Optimal zvol configuration for Debian VM guests performance

nickt

Contributor
Joined
Feb 27, 2015
Messages
131
Hi all,

I'd appreciate some guidance on the best way to configure zvols and disks for optimal Debian guest performance.

TL;DR: I am forming the view that:
  • LVM + bhyve is a bad mix
  • zvols defined for VM storage should have sync writes enforced, but it hammers performance, so I don't want to do it
It would be great to get some thoughts.

My FreeNAS box has a number of VMs, first deployed in FreeNAS 9.10, using iohyve. These are running Debian guests, and - in the main - host services deployed in Docker containers.
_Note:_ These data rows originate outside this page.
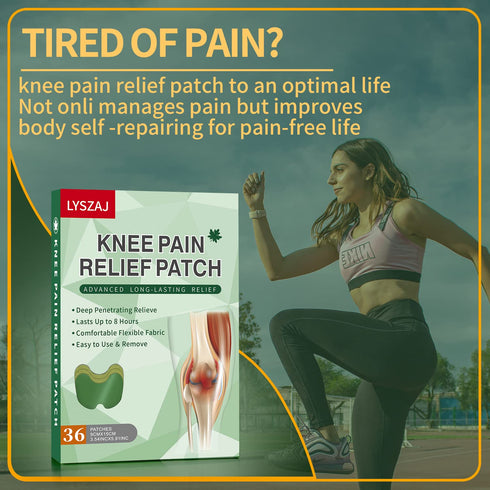 Pain Relief Patches 36 Pcs, Heat Patches for Pain Relief Fast-Acting Patches Long Lasting Relief of Joint Pains for Knee, Back, Neck, Shoulder Pain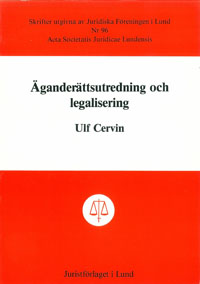 Äganderättsutredning och legalisering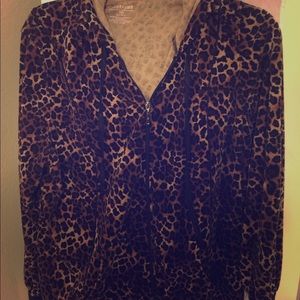 Leopard Print Hoodie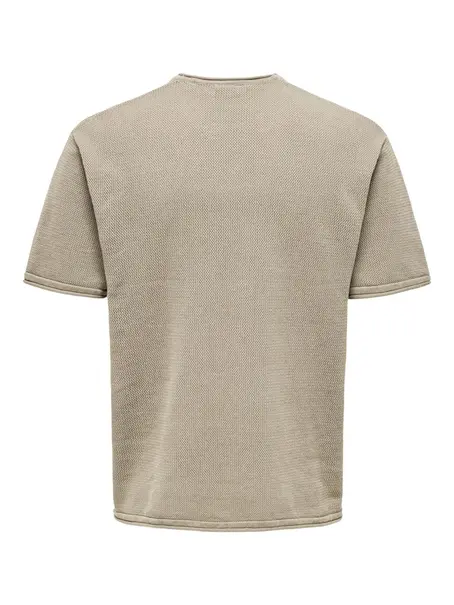 Only & Sons ONSKEN RLX SS CROCHET CREW KNIT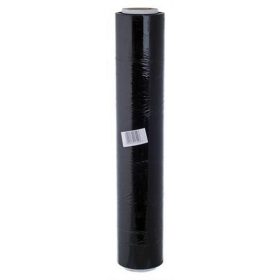 Kézi nyújtható fólia, fekete, 0,5m x 210m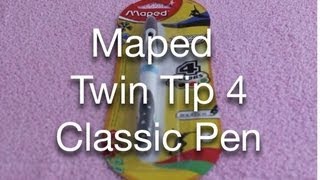 Maped Twin Tip 4 Classic Pen [upl. by Huston]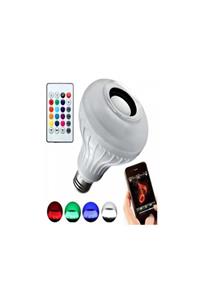 SUNIKA Led Müzik Ampul 12w Bluetooth Özelliği Vardır Kumandalı Ledli Müzik Ampul Dl-09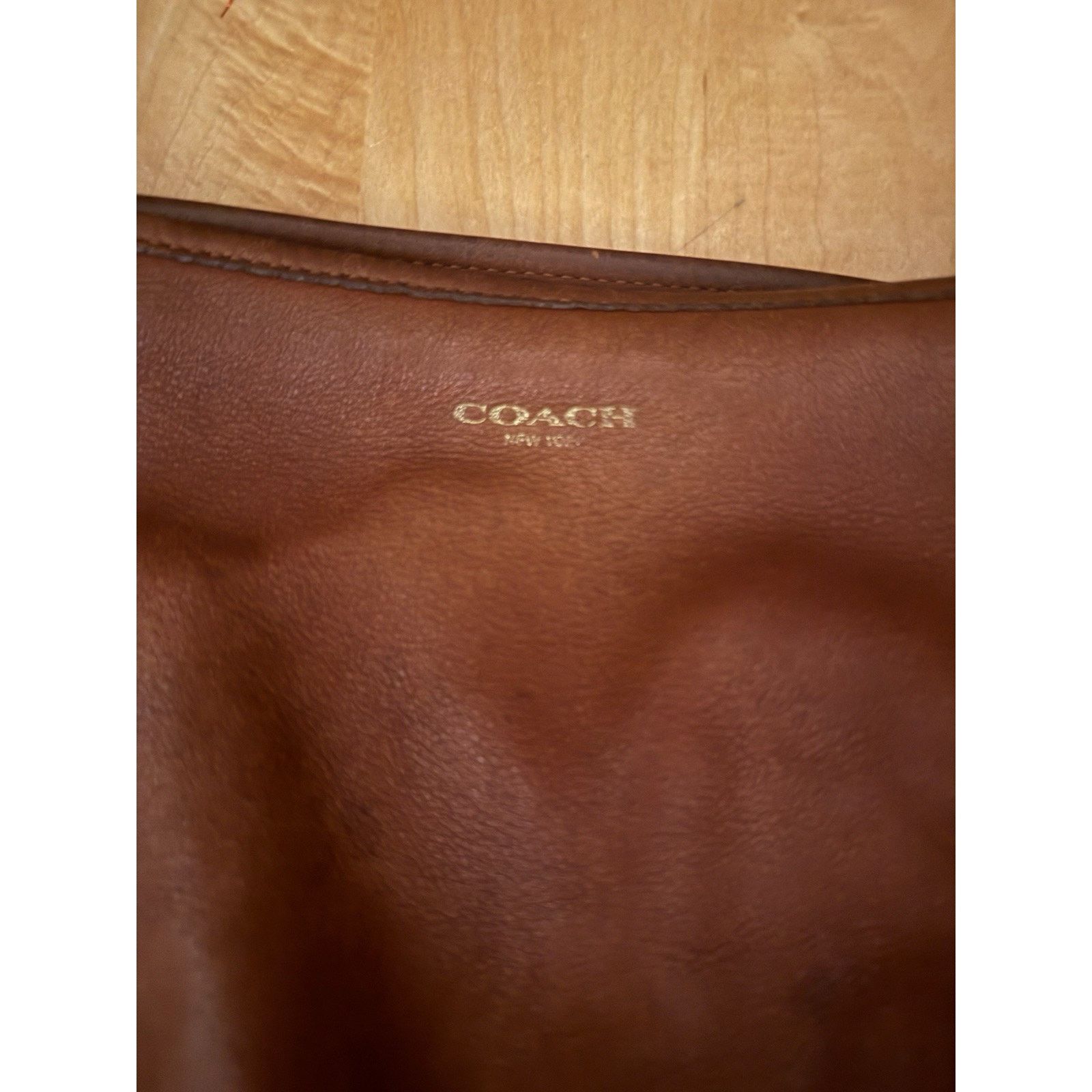 Coach VTG Coach 19893 Hobo Cognac XL Leather Shoulder Tassels Y2K Size ONE SIZE - 3 Thumbnail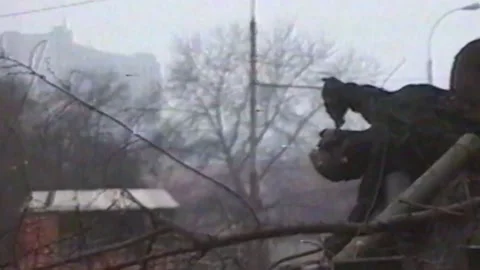 Chronicles of the Chechen war. 1994-1996. City Grozniy. Archive (9) Stock-Footage 235066681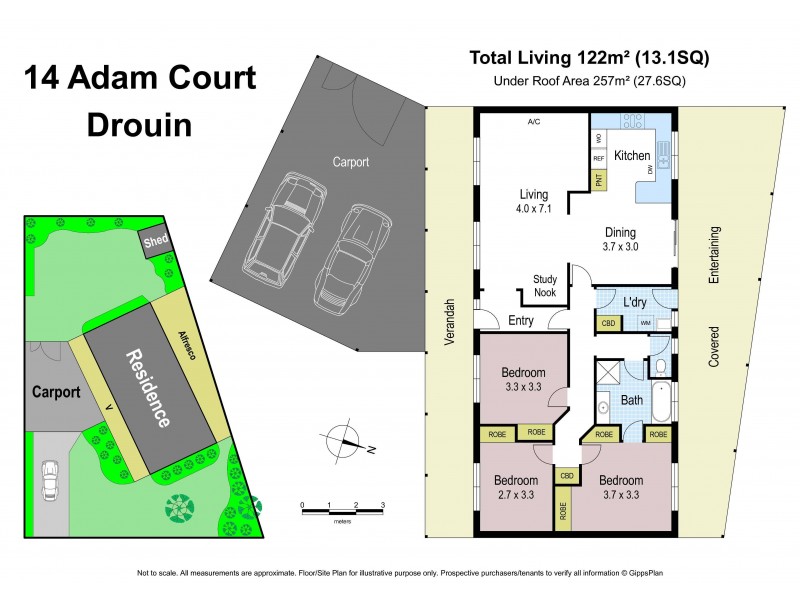14 Adam Court, Drouin VIC 3818 Floorplan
They work fantastically well, although at times, disk performance has not been wonderful. For the most part, this hasn't bothered me - per my signature, I have a well spec'd FreeNAS box, and light demand - more than 2 concurrent users of any service at any one time is uncommon. But I've decided it's time to dig into performance.
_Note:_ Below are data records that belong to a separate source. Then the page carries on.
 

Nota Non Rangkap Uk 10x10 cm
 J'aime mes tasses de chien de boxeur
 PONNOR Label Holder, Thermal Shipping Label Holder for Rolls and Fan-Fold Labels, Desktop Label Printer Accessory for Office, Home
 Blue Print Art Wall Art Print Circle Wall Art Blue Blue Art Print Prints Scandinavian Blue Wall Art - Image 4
One of the key things I've noticed is that relatively modest disk activity on one VM can lead to significant iowait impacts on all VMs. What I often see is a big write completes on the guest, but the iowait impact on all VMs persists for some time after the write has finished (10 - 15 seconds). In these cases, iowait can exceed 50%, sometimes even as far as 90% or more, which obviously has nasty impacts on VM performance.

Most of my Debian VMs were setup using iohyve under FN 9.10, which means a zvol was automatically configured. Debian was built using the installer's default partitioning scheme and LVM (I wanted the ability to expand disks in the future). More recently, I have started building a new VM using the FreeNAS 11.2 GUI, which also gets the latest Debian (buster).
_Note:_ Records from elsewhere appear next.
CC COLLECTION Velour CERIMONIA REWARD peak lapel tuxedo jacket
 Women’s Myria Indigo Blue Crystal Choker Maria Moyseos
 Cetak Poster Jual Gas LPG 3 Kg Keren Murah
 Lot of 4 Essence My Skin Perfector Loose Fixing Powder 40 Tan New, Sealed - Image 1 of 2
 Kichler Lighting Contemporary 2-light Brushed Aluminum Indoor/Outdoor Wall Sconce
My performance testing is a little simplistic, but is seems to be sufficient to reveal big differences. I am doing a large sequential (1GB) write using dd. Typically:

Code:
 ~$ dd bs=1024 count=1048576 </dev/urandom >test.dd2

So I've done this simple test in a bunch of different configurations. Here's what I found:

FlavourBuilt withDisk driverFormatSync writesWrite speediowait impact
FreeNAS 11.2-U8--zfsstandard90 MB/slight
Debian 8.8iohyve? (iohyve assigned)zvol / LVM / ext4standard12 MB/snil
Debian 9.5 iohyve? (iohyve assigned)zvol / LVM / ext4standard40 MB/sheavy
Debian 10FreeNAS 11.2 GUIvirtiozvol / LVM / ext4standard44 MB/sheavy
Debian 10FreeNAS 11.2 GUIvirtiozvol / ext4always10 MB/snil
Debian 10FreeNAS 11.2 GUIvirtiozvol / ext4standard160 MB/slight

What stands out for me:
  • Newer Debians are better than older Debians
  • LVM seems to be directly responsible for heavy iowait impacts
  • Sync writes destroy performance
Now I have read that VM storage really should have sync writes enforced. Sync writes protect from data loss following some bad event (power failure, component failure, ...); if a bad event happens, the VM may not come up again. OK. But sync writes smash performance and it's interesting to me that neither the iohyve tool in FN 9.10 or the GUI tool in FN 11.2 configure sync writes when they automagically define a zvol / disk for guest storage.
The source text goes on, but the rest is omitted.